Please return every entry below exactly as written, without any of its pictures.

____ Supplied information

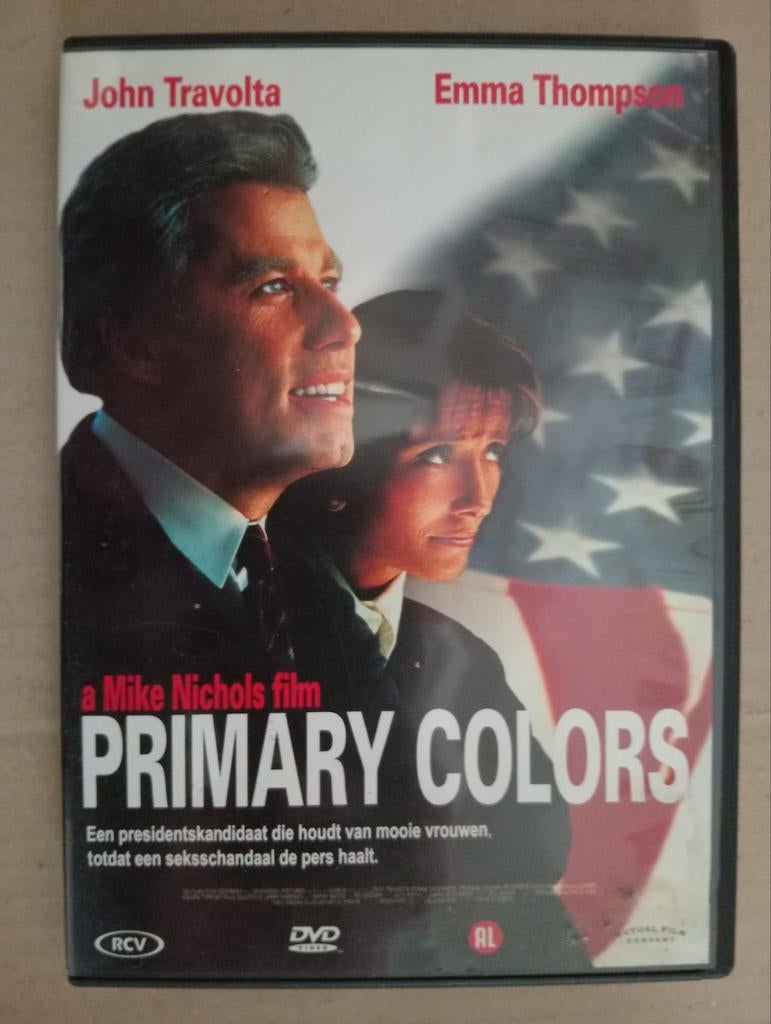 Primary Colors, Alle leeftijden, Ophalen of Verzenden, Zo goed als nieuw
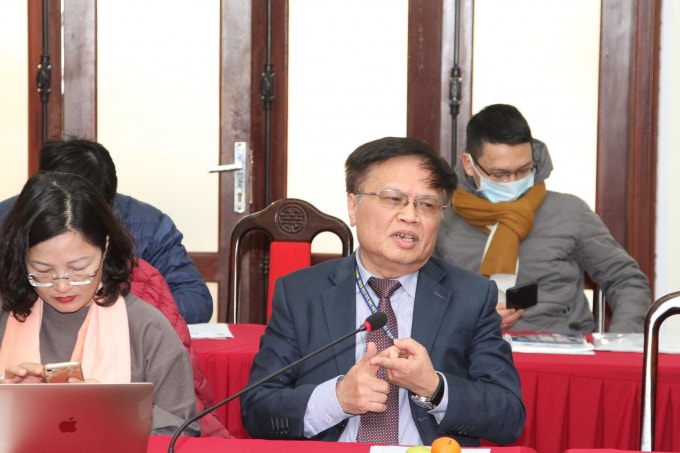 Ông Nguyễn Đình Cung: DNNN như một diễn viên chưa được diễn trong bộ phim: Tăng trưởng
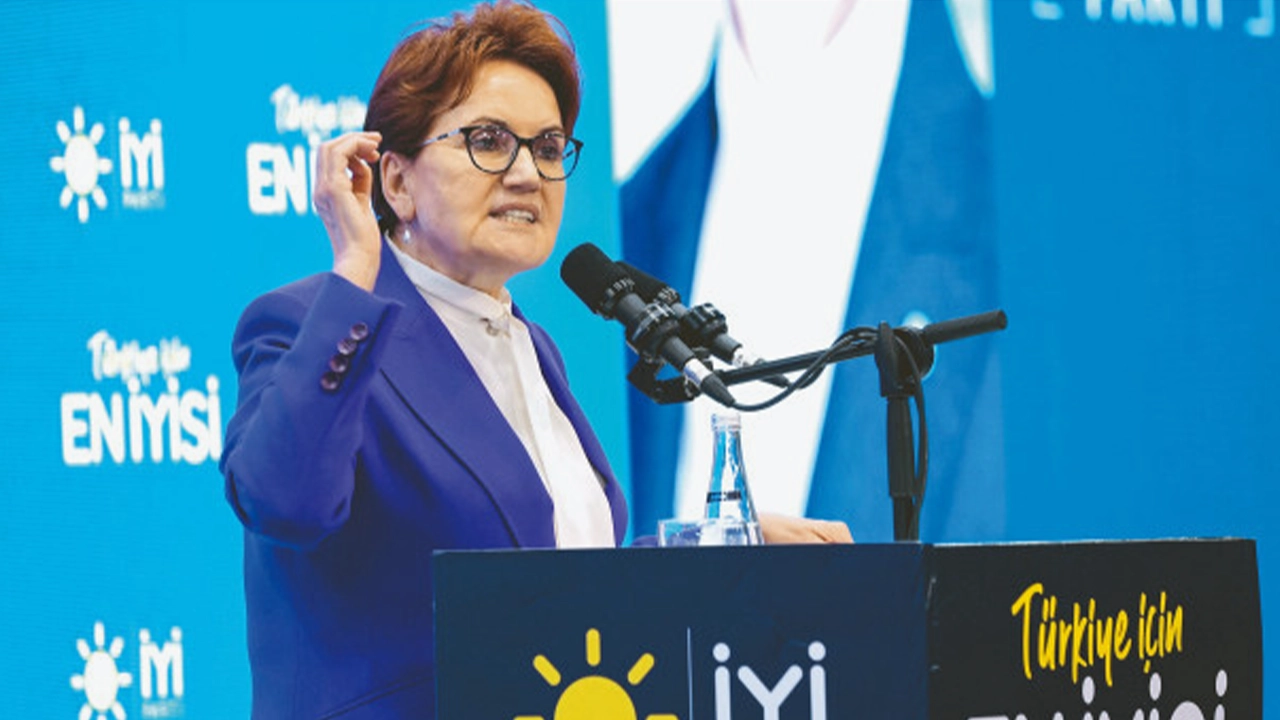 İbrahim Özkan'dan dikkat çeken iddia: Meral Akşener yeniden aday olmayacak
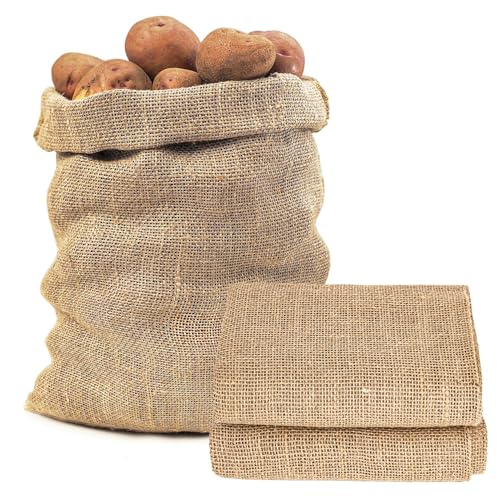 MAQIHAN Burlap Sacks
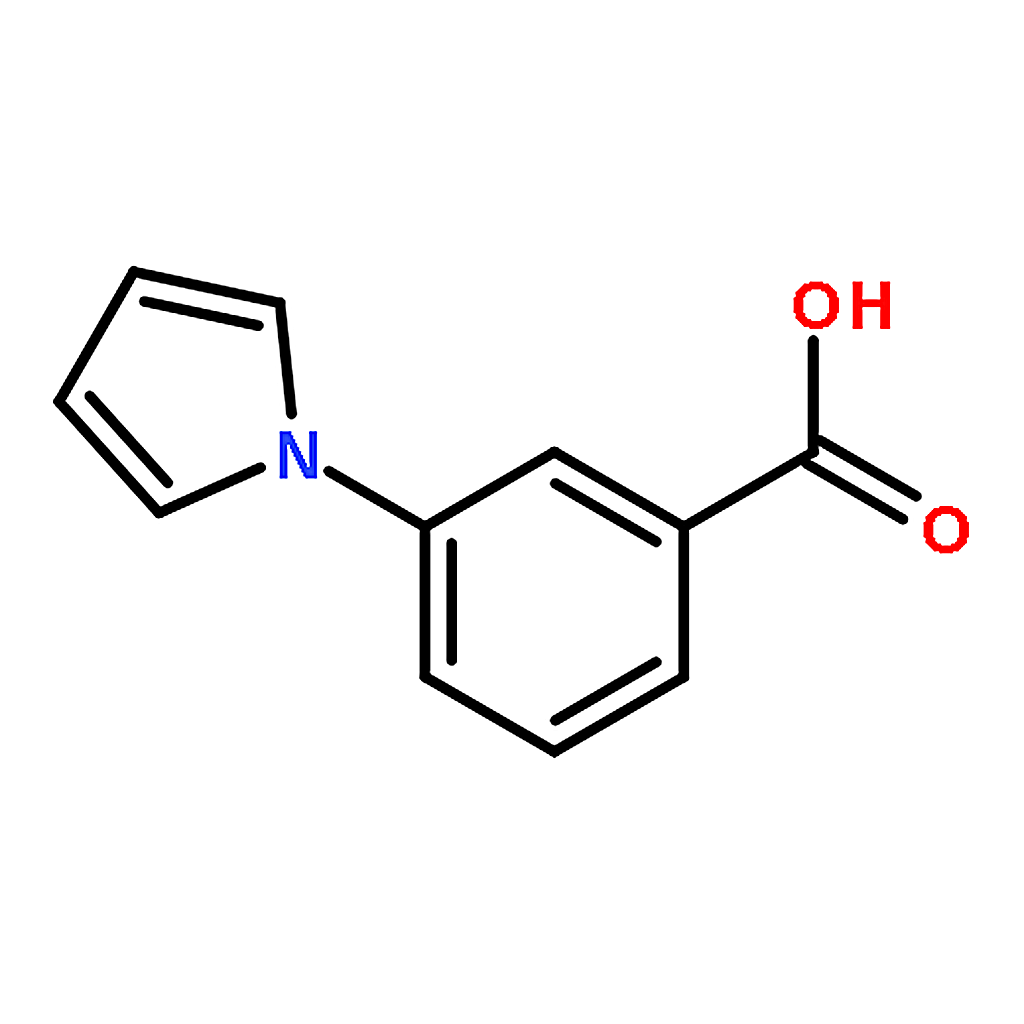 RHAWN 3-(1H-Pyrrol-1-yl)benzoic acid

________

__Answer for this exercise__.
 Primary Colors, Alle leeftijden, Ophalen of Verzenden, Zo goed als nieuw
 Ông Nguyễn Đình Cung: DNNN như một diễn viên chưa được diễn trong bộ phim: Tăng trưởng
 İbrahim Özkan'dan dikkat çeken iddia: Meral Akşener yeniden aday olmayacak
 MAQIHAN Burlap Sacks
 RHAWN 3-(1H-Pyrrol-1-yl)benzoic acid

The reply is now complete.